When I got there, a long line had already formed, and the site opened late. I amused myself watching clueless visitors march up to the entrance. They must have thought the rest of us were lined up for funsies. The attendants directed them to the rear of the line.
The exterior is ornate with statues, pilasters, cornices, and reliefs. There's an Art Historical term horror vacui. Every available surface has its decoration. The outside does not compare with the interior which has all of those plus mosaics and frescos. I wondered how much gold leaf was employed. Acres, I imagine. One can rent an audio guide, but I did not. While waiting to go upstairs (A school group of little kids had to be sorted out) a woman spoke to me in French. I replied apologetically in English, "I'm a tourist." She brightened. "Me, too!" She asked me to take a photo of her with her phone, and of course, I was happy to oblige. Plenty of people have helped me out in just this way on my journeys.
I had a good wander. A few of the boxes are open. I got a good view (and photo) of the lovely Marc Chagall fresco in the central dome. I also marveled at the various vestibules meant as a place for the fashionable world to gather before and after the performances. Some costumes from past performances are on display. A lot of us went out on the balcony that overlooks the Place and Avenue de la Opera for a great view of the chaos.
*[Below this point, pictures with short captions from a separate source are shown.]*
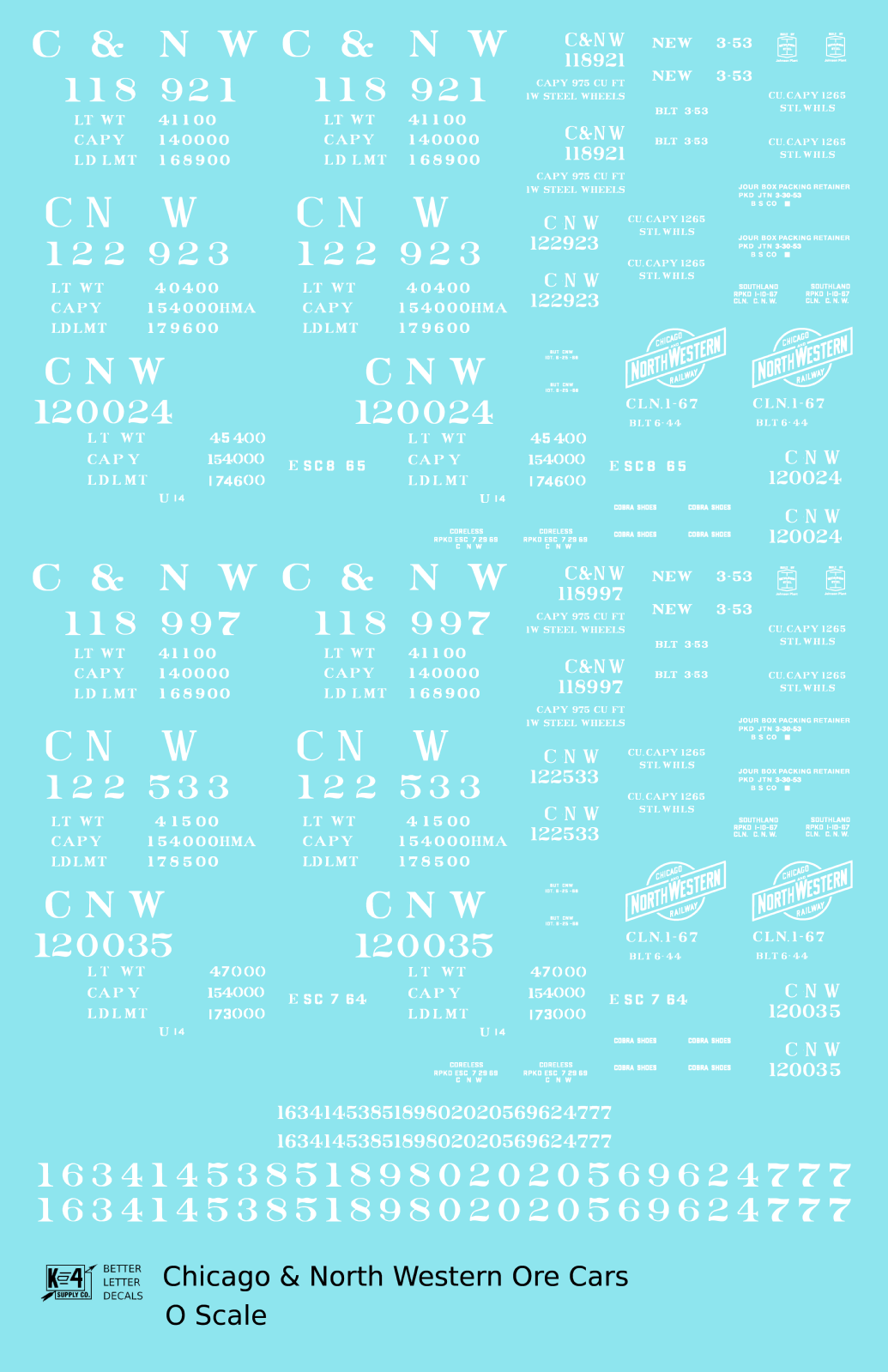 Chicago and North Western Ore Jenny Car White  - Decal Sheet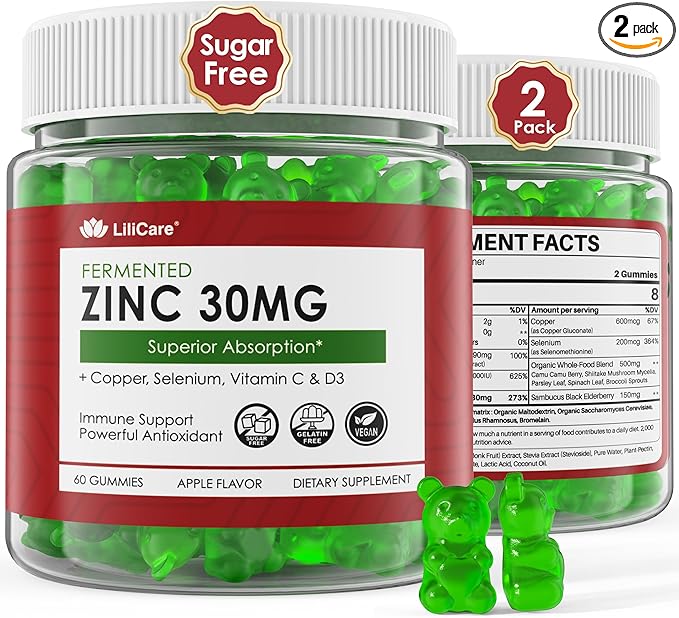 Zinc Gummies 30mg, High Absorption Fermented Zinc Supplements + Copper, Selenium, Vitamin C & D, Black Elderberry, Zinc Complex for Daily Immune Support, Powerful Antioxidant, Vegan, Sugar Free 2 Pack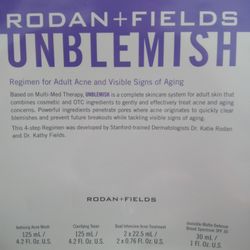 Rodan & Fields Facial Regimen: Unblemish  Regimen For Adult Acne And Visible Signs Of Aging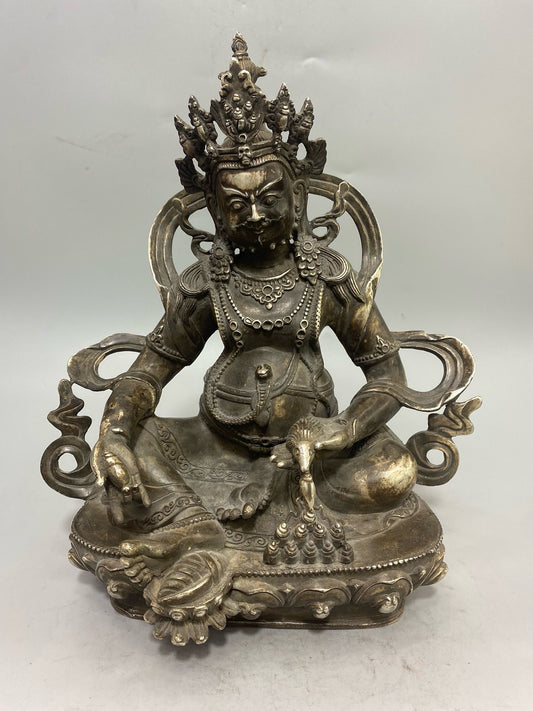 Chinese antique pure copper gilded silver yellow statue of the God of Wealth Buddha ornament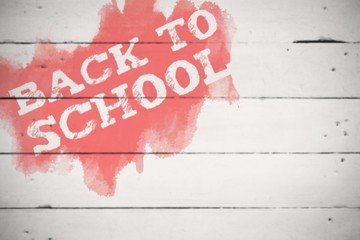 Poster - Composite image of back to school text on green and blue splash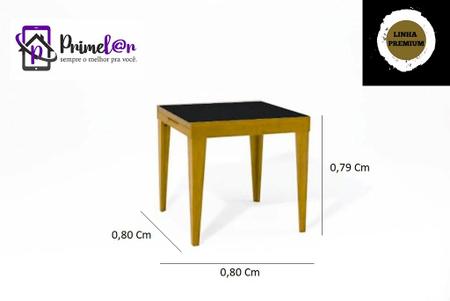 Imagem de Mesa De Jantar Extensível 0.80 a 1.60 Com Vidro Pés Madeira Tock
My trips there taught me to value the quiet and lack of bustle of my own neighborhood. Driving in Paris must be a horror show. I would not even take a taxi lest I die of fear. I am astounded that there are not more accidents. And if you need the police or an emergency vehicle--well, don't hold your breath. They are stuck in traffic like everyone else. A couple of Very Swank Hotels are in this area. The rest are on the Champs Elysees. I'll stick to Les Halles.
I hard boiled some eggs this morning and am having one with my apero. I also stopped on the way back at my favorite fast food place. You may be surprised I have one, but I have always enjoyed Pret a Manger. Despite the French name it's a British outfit. All the food is organic and fair trade, not to mention delicious. I have never been disappointed. As a bonus, they were one of the first food sellers to do social outreach to the homeless and hungry. A few outlets exist in the United States and if you run across one, don't hesitate to stop in. I got a Salad Nicoise Wrap to remind myself of all those Pan Bagnats I ate in Nice. This one isn't authentic, but it sure is good!